First, Global Forest Watch released its interactive map of forest change — loss and gain — and it struck me, how Nova Scotia and New Brunswick stood out as hot spots of forest cover activity, even looking at the map on a global scale. Zooming in, some of that activity appears to be forest gain, but remember, the forests that regenerate on their own in Nova Scotia or that are replanted by the forestry companies tend to be softwood boreal-type species–nothing that serves the insects, animals, and flora as well as undisturbed or well managed Acadian forest.
Next, Matt Miller in the Chronicle Herald describes the arc his father took towards practicing a forestry that follows the Dan Savage rule of leaving your
lover forest in better condition than you found it. There is plenty of research out there that shows how knowledge feeds and expands our own sense of what is aesthetically attractive in nature; in the case of Miller’s father, a man educated to practice forestry, it took the changing science and understanding of forest management to alter his own idea of what a ‘good’ forest looks like.
NATURALLY: Deadwood brings forest alive. Since the Herald disappears its articles after 7 days, an excerpt:
On a site on our family woodlot that today hosts a 30-year old Norway spruce plantation, Dad recalls piling and burning the tops, branches and fallen dead trees that remained after harvesting to make tree planting easier. As a youngster, I remember dragging pruned tree branches to be burned in order to leave behind a “tidy” forest floor, free of any brush.

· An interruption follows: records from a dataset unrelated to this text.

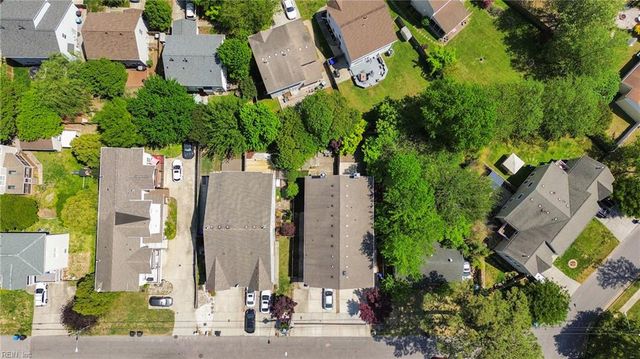 2208 E Berrie CIR, Virginia Beach, VA 23455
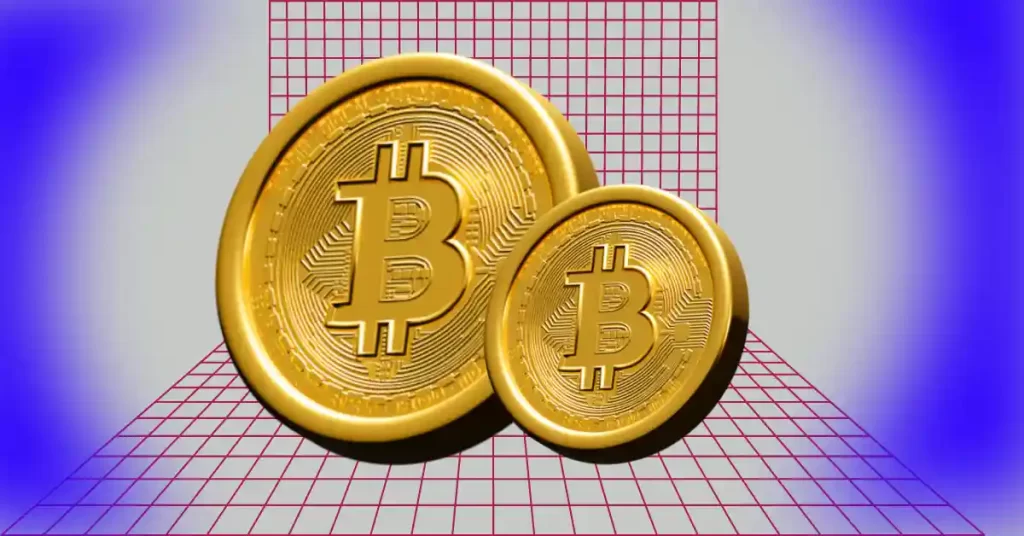 Bitcoin Crushes Gold and Silver to Become 2024’s Top Surged Asset—Is $90K Next?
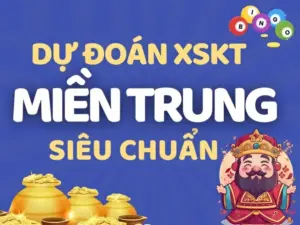 Soi cầu XSMT 23-09 – Dự đoán xổ số miền Trung ngày 23-09-2026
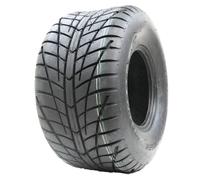 Pneu quad Wanda P354 20x10.00-9 4 plis E marqué route arrière - WANDA - Quad - 260 - 20 - O - Quatre saisons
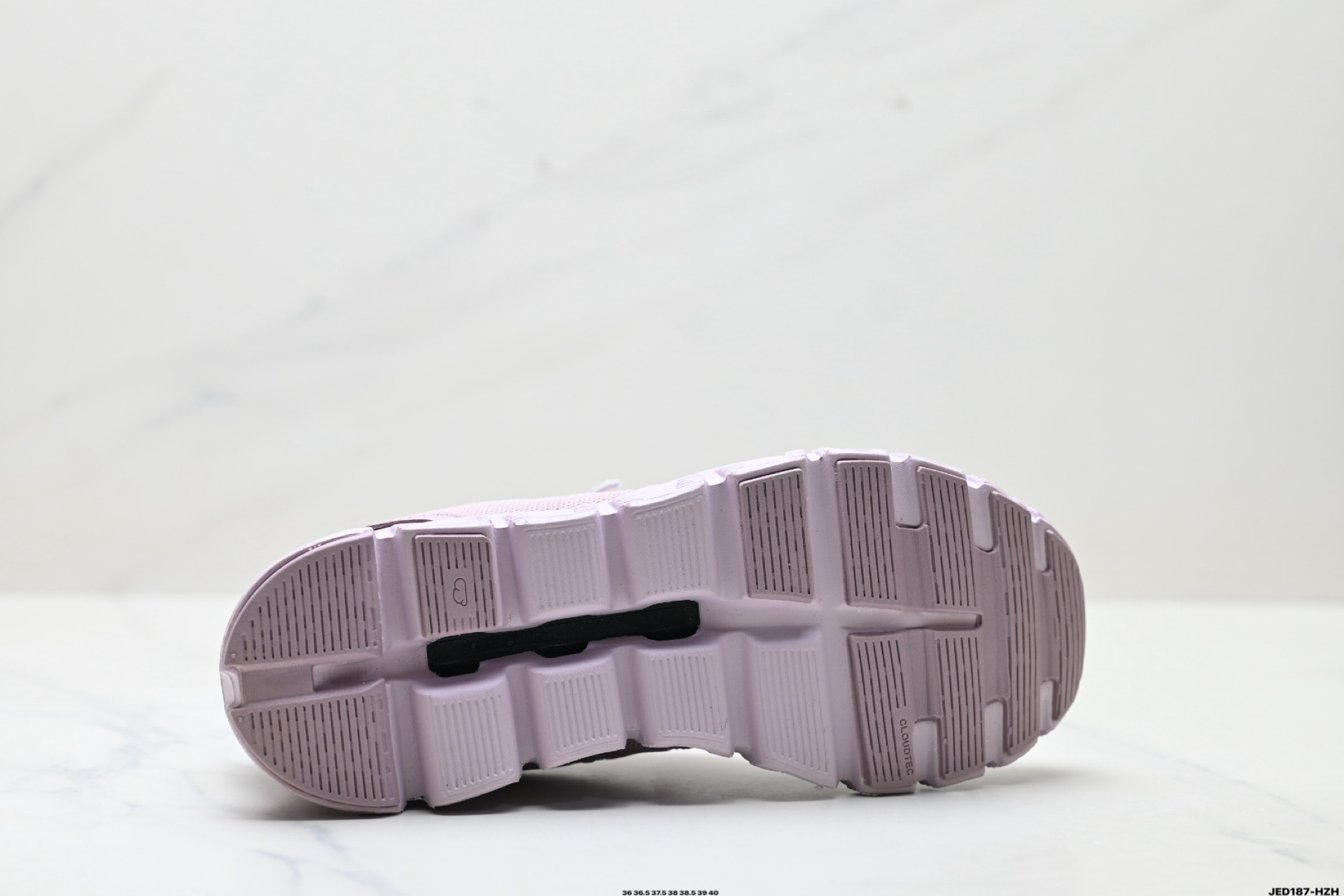 160 On昂跑 Cloud 6 轻量运动休闲鞋-Chinese UA Cheap High Quatity Brand Clothes Bags handbags Sneakers wholesale wholesaler seller from China Factory suppliers Fashion Clothing Shoes best Quality Beautiful Price 160 On昂跑 Cloud 6 轻量运动休闲鞋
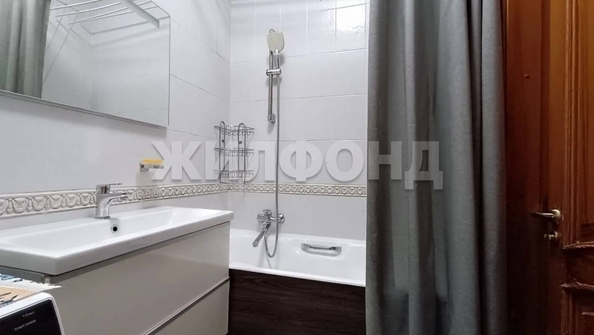 
  Продается 3-комн. квартира 75.1 м². Фото 9.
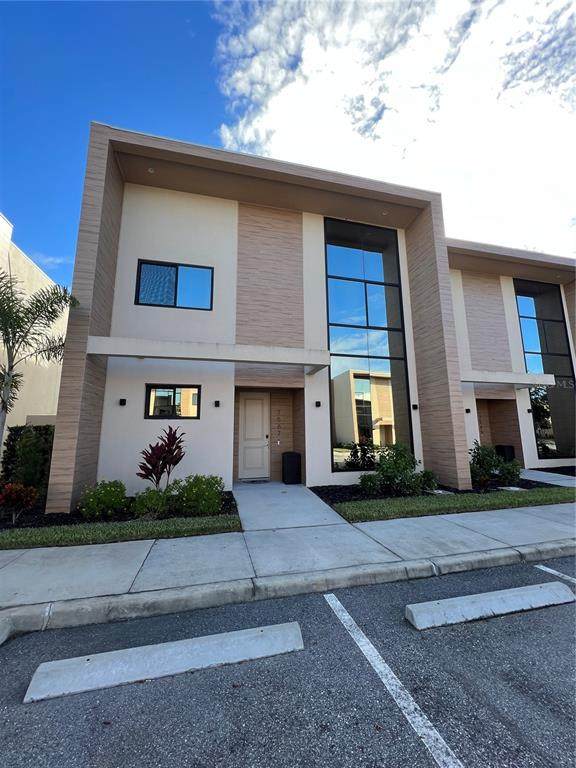 7465 Bleecker Lane - Photo 1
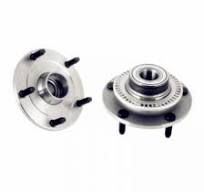 Rear Wheel Bearing For Ford Transit Tourneo Custom,Wholesale ...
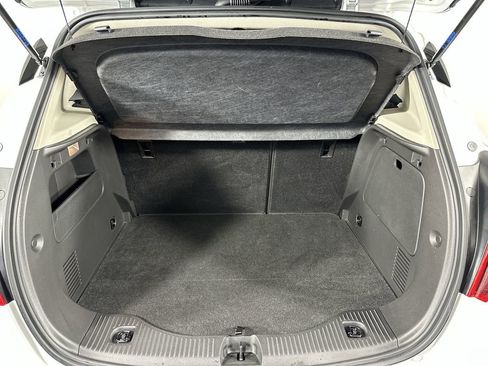 Used 2022 Buick Encore Preferred w/ Safety Package AWD/4WD image 27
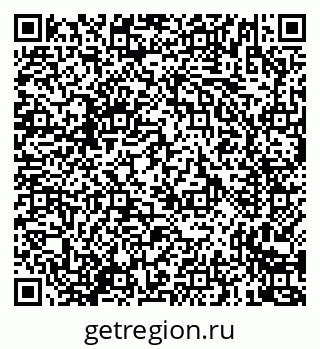 79635722995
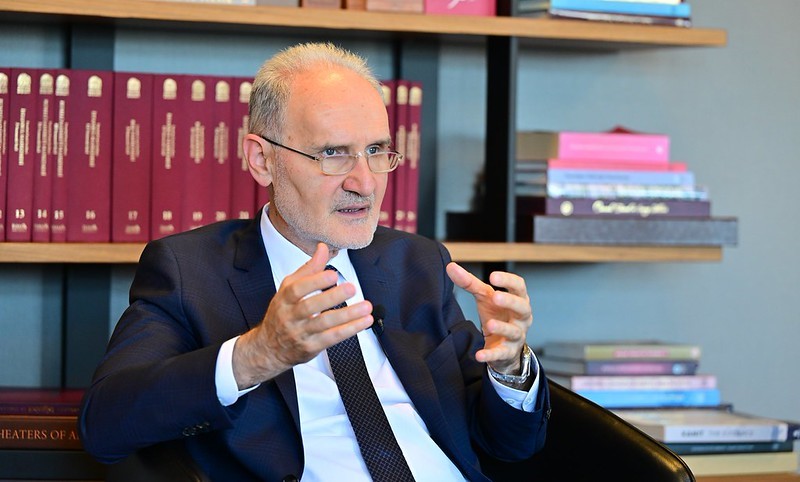 ito baskani avdagicten buyume degerlendirmesi 0 itu1icJ9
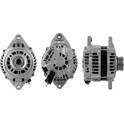 Dynamo / Alternator (Gereviseerd) LUCAS - LRA02314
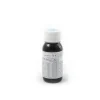 LVS 71C Panax Ginseng Compositum 60ml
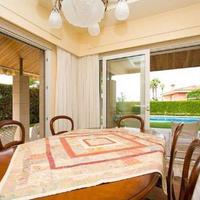 Вилла в Испании, Балеарские Острова, Пальма, 620 кв.м.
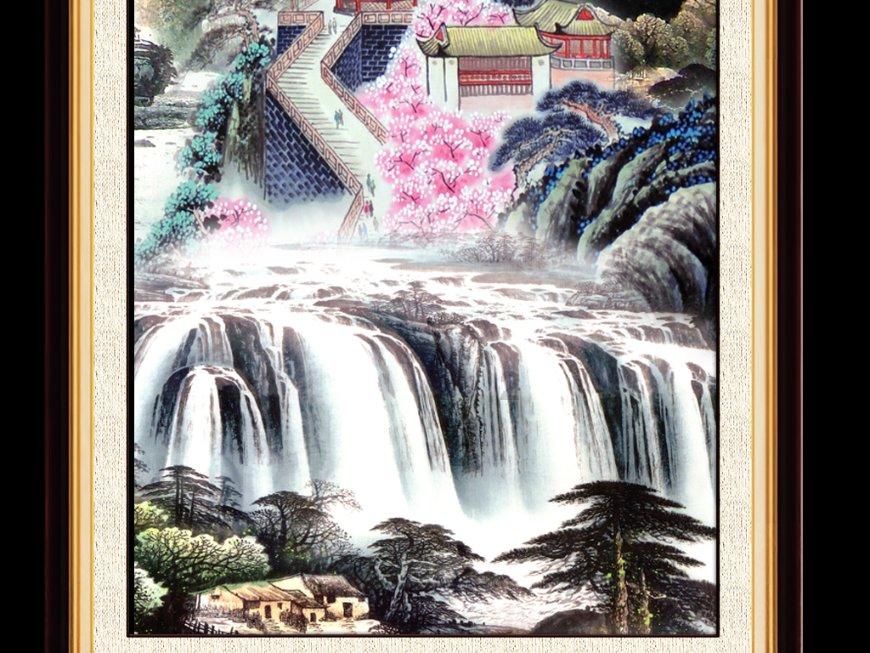 逗小猴开心系列186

My dad’s esthetic view of forests did not favour deadwood either. Dad preferred a “clean” forest, one clear of dead trees and untidy brush strewn haphazardly about. He favoured a more park-like setting, with evenly spaced trees and vertical lines that some say appealed to the human eye.
Over time, Dad’s industrial approach gradually gave way to a more holistic view of forests and forest management. He began to see dead trees as important sources of soil nutrients, as food and habitat for a huge variety of wildlife. In areas of our family’s land where we once removed deadwood, we now actively restore it to more natural levels.
In Nova Scotia, threats to deadwood are mounting as the province’s biomass energy industry expands. Feeding the newly commissioned Point Tupper biomass plant has driven forest harvesting practices to new lows by driving market demand for biomass-grade fibre to new heights. Europe is hungry for Canadian wood fibre and the demand for biomass is expected to continue to grow.
The province needs to development a comprehensive suite of tools to prohibit the removal of tops and branches during timber harvesting and to ensure that forests have adequate amounts of standing and fallen dead and decaying wood. The Nova Scotia government has been poised to take steps to address this problem for almost three years now, but no concrete steps have been taken.
Leaving behind enough deadwood doesn’t cost a lot, especially given the paltry price offered for biomass-grade wood.
The payoff for landowners and forest managers is increased forest ecosystem stability and resiliency.